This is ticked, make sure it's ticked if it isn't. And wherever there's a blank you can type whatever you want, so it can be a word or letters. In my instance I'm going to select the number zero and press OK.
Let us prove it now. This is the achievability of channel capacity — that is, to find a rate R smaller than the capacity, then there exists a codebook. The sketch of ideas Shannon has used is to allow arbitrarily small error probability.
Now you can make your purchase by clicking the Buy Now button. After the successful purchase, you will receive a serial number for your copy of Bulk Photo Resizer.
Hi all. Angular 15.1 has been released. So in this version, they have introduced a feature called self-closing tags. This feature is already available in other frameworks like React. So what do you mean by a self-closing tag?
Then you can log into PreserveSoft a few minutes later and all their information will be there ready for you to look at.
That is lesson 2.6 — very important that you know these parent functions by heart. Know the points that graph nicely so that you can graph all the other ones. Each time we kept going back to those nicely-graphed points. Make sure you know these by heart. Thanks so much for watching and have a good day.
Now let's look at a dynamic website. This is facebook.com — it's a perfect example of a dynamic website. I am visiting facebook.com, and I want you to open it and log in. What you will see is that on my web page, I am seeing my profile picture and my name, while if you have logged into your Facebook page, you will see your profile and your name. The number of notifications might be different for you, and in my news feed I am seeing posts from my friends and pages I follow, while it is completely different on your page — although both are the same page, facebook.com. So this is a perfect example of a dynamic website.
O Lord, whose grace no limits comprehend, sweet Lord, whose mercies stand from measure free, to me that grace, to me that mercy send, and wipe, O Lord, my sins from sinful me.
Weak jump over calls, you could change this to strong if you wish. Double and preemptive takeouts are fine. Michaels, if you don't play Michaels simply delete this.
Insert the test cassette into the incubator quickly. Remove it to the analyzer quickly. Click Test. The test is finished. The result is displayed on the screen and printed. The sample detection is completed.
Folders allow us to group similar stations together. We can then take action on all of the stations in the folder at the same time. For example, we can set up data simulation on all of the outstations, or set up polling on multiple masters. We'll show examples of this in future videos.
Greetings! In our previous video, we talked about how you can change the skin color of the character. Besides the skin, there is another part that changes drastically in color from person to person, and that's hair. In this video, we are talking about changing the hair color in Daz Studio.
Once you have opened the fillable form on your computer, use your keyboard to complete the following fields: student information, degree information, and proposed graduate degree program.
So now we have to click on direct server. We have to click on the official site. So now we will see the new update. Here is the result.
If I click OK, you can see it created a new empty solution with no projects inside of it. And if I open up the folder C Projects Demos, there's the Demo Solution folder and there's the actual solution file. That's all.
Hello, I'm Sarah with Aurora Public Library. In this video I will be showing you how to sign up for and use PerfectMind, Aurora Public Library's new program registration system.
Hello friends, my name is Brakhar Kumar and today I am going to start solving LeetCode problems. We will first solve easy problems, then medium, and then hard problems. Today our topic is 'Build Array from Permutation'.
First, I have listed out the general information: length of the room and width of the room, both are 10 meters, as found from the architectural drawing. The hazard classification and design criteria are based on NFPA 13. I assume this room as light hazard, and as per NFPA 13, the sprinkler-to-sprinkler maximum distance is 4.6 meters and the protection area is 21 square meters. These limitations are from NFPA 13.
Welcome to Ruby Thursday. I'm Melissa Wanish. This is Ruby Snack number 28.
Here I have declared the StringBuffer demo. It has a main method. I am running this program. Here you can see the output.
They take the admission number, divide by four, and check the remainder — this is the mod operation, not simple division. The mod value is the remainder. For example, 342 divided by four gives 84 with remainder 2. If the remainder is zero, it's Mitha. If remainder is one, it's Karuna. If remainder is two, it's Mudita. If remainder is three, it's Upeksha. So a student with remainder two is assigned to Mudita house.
--------------------------------
_About this task_: Output the listing above in full, exactly as written.

_Answer_:
This is ticked, make sure it's ticked if it isn't. And wherever there's a blank you can type whatever you want, so it can be a word or letters. In my instance I'm going to select the number zero and press OK.
Let us prove it now. This is the achievability of channel capacity — that is, to find a rate R smaller than the capacity, then there exists a codebook. The sketch of ideas Shannon has used is to allow arbitrarily small error probability.
Now you can make your purchase by clicking the Buy Now button. After the successful purchase, you will receive a serial number for your copy of Bulk Photo Resizer.
Hi all. Angular 15.1 has been released. So in this version, they have introduced a feature called self-closing tags. This feature is already available in other frameworks like React. So what do you mean by a self-closing tag?
Then you can log into PreserveSoft a few minutes later and all their information will be there ready for you to look at.
That is lesson 2.6 — very important that you know these parent functions by heart. Know the points that graph nicely so that you can graph all the other ones. Each time we kept going back to those nicely-graphed points. Make sure you know these by heart. Thanks so much for watching and have a good day.
Now let's look at a dynamic website. This is facebook.com — it's a perfect example of a dynamic website. I am visiting facebook.com, and I want you to open it and log in. What you will see is that on my web page, I am seeing my profile picture and my name, while if you have logged into your Facebook page, you will see your profile and your name. The number of notifications might be different for you, and in my news feed I am seeing posts from my friends and pages I follow, while it is completely different on your page — although both are the same page, facebook.com. So this is a perfect example of a dynamic website.
O Lord, whose grace no limits comprehend, sweet Lord, whose mercies stand from measure free, to me that grace, to me that mercy send, and wipe, O Lord, my sins from sinful me.
Weak jump over calls, you could change this to strong if you wish. Double and preemptive takeouts are fine. Michaels, if you don't play Michaels simply delete this.
Insert the test cassette into the incubator quickly. Remove it to the analyzer quickly. Click Test. The test is finished. The result is displayed on the screen and printed. The sample detection is completed.
Folders allow us to group similar stations together. We can then take action on all of the stations in the folder at the same time. For example, we can set up data simulation on all of the outstations, or set up polling on multiple masters. We'll show examples of this in future videos.
Greetings! In our previous video, we talked about how you can change the skin color of the character. Besides the skin, there is another part that changes drastically in color from person to person, and that's hair. In this video, we are talking about changing the hair color in Daz Studio.
Once you have opened the fillable form on your computer, use your keyboard to complete the following fields: student information, degree information, and proposed graduate degree program.
So now we have to click on direct server. We have to click on the official site. So now we will see the new update. Here is the result.
If I click OK, you can see it created a new empty solution with no projects inside of it. And if I open up the folder C Projects Demos, there's the Demo Solution folder and there's the actual solution file. That's all.
Hello, I'm Sarah with Aurora Public Library. In this video I will be showing you how to sign up for and use PerfectMind, Aurora Public Library's new program registration system.
Hello friends, my name is Brakhar Kumar and today I am going to start solving LeetCode problems. We will first solve easy problems, then medium, and then hard problems. Today our topic is 'Build Array from Permutation'.
First, I have listed out the general information: length of the room and width of the room, both are 10 meters, as found from the architectural drawing. The hazard classification and design criteria are based on NFPA 13. I assume this room as light hazard, and as per NFPA 13, the sprinkler-to-sprinkler maximum distance is 4.6 meters and the protection area is 21 square meters. These limitations are from NFPA 13.
Welcome to Ruby Thursday. I'm Melissa Wanish. This is Ruby Snack number 28.
Here I have declared the StringBuffer demo. It has a main method. I am running this program. Here you can see the output.
They take the admission number, divide by four, and check the remainder — this is the mod operation, not simple division. The mod value is the remainder. For example, 342 divided by four gives 84 with remainder 2. If the remainder is zero, it's Mitha. If remainder is one, it's Karuna. If remainder is two, it's Mudita. If remainder is three, it's Upeksha. So a student with remainder two is assigned to Mudita house.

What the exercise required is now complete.